The Base Provides a Secure Platform

• Machine four aprons (Y, Z) and four legs (X) to finished size. Don’t worry about apron length right now – just make sure they are long enough.

• Determine where dovetail grooves will be placed in the legs. The grooves should be as close to the outside of the leg as possible without weakening either side of the groove. Remove some of the material for the dovetail groove using the table saw. Notes: Removing all of that material while machining a dovetail groove will be dangerous.

• Set up the router table with an appropriate dovetail bit. It might have to be slightly smaller than the bit used for the case to ensure both sides of the groove in the leg have enough material to remain structurally strong.

• Determine the length of the aprons. When determining final length of the aprons keep in mind there will be a waist moulding that transitions the case from the base. I allowed ¾” extra on the front and two sides. You should know what profile you are going to use at this stage so you can allow for proper tolerances. Cut the aprons to length and machine dovetail tenons on both ends of the pieces.

• Cut the aprons to their final shape on the bandsaw.

• Draw the taper onto the four legs. Make the first cut on the band saw, and then use masking tape to re-secure the offcut onto the leg. Make the second cut on the line you have drawn.
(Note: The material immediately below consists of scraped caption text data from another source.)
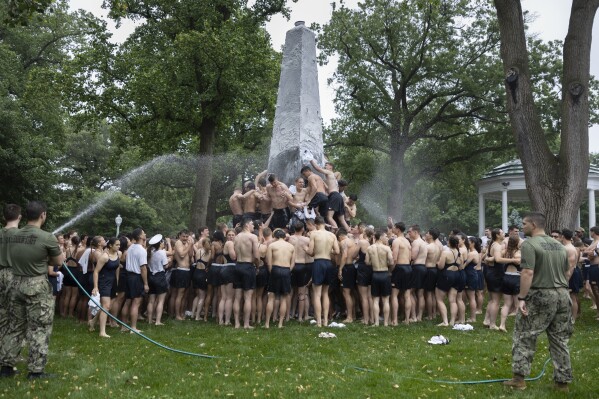 Class of 2027 plebes climb during the Herndon Monument Climb at the U.S. Naval Academy, Wednesday, May 15, 2024, in Annapolis, Md. Freshmen, known as Plebes, participate in the climb to celebrate finishing their first year at the academy. The climb was completed in two hours, nineteen minsters and eleven seconds to complete. (AP Photo/Tom Brenner)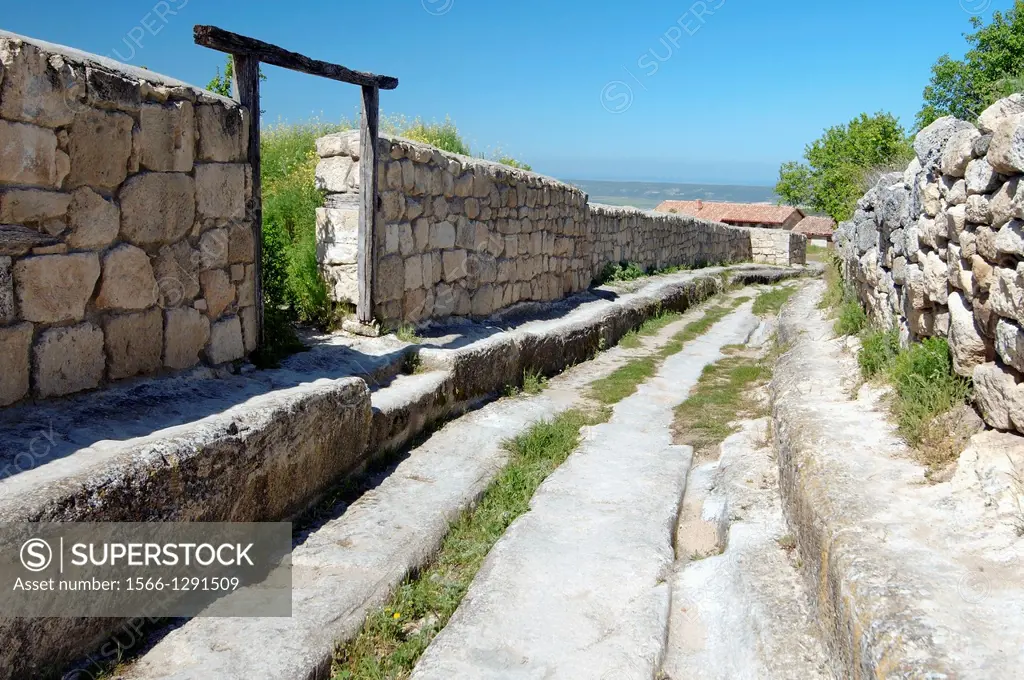Deep rut in the road, Cufut Qale, Chufut-Kale Jewish Fortress Crimea, Ukraine, Eastern Europe.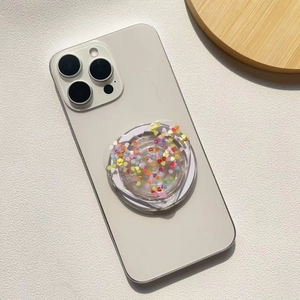 Close-up of a clear round phone socket grip with colorful heart sequins and glitter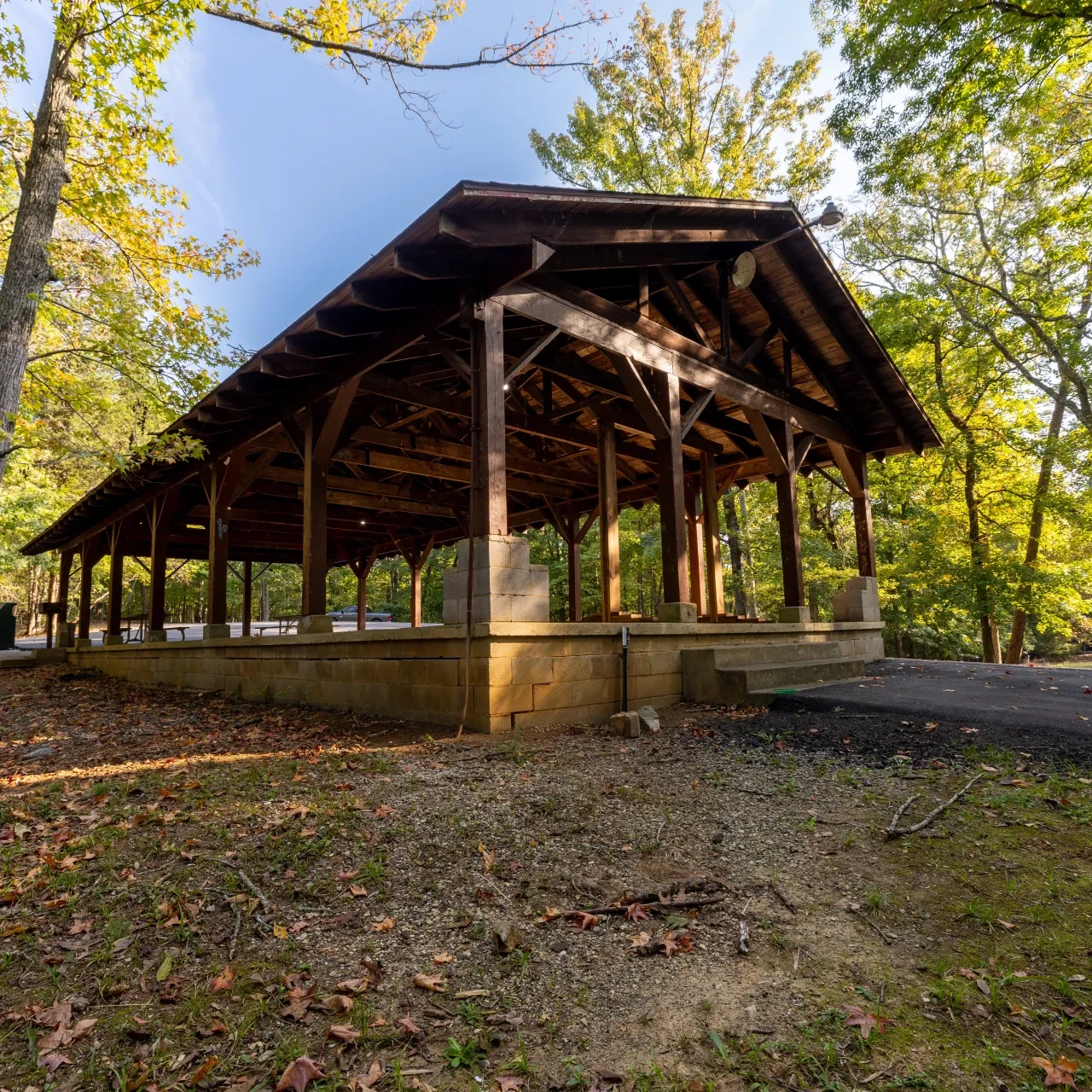 Pavilion surrounded by trees with a concrete path leading to it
• Plane and sand the legs to their final shape.

• Sand and assemble the eight parts that comprise the base. Ensure that the assembly is square.

• Make a moulding (J, K) for the transition between the case and the base. Machine a piece so you can obtain two widths of moulding out of it – about 3″ wide is good, but wider is better. Shape both of the edges and rip the final moulding to width. The moulding should overhang about 1⁄16″ on the legs and ⅛” on the apron.

Solid Drawers for Storage

• Mill material for the drawer faces (M), fronts and backs (N) and sides (O) and cut them to finished size. The drawer sides should be the length of the interior of the cabinet minus ½”. This allows the drawer face to be rabbeted and let into the case.

• On the table saw cut mitres for all four corner joints on the drawer.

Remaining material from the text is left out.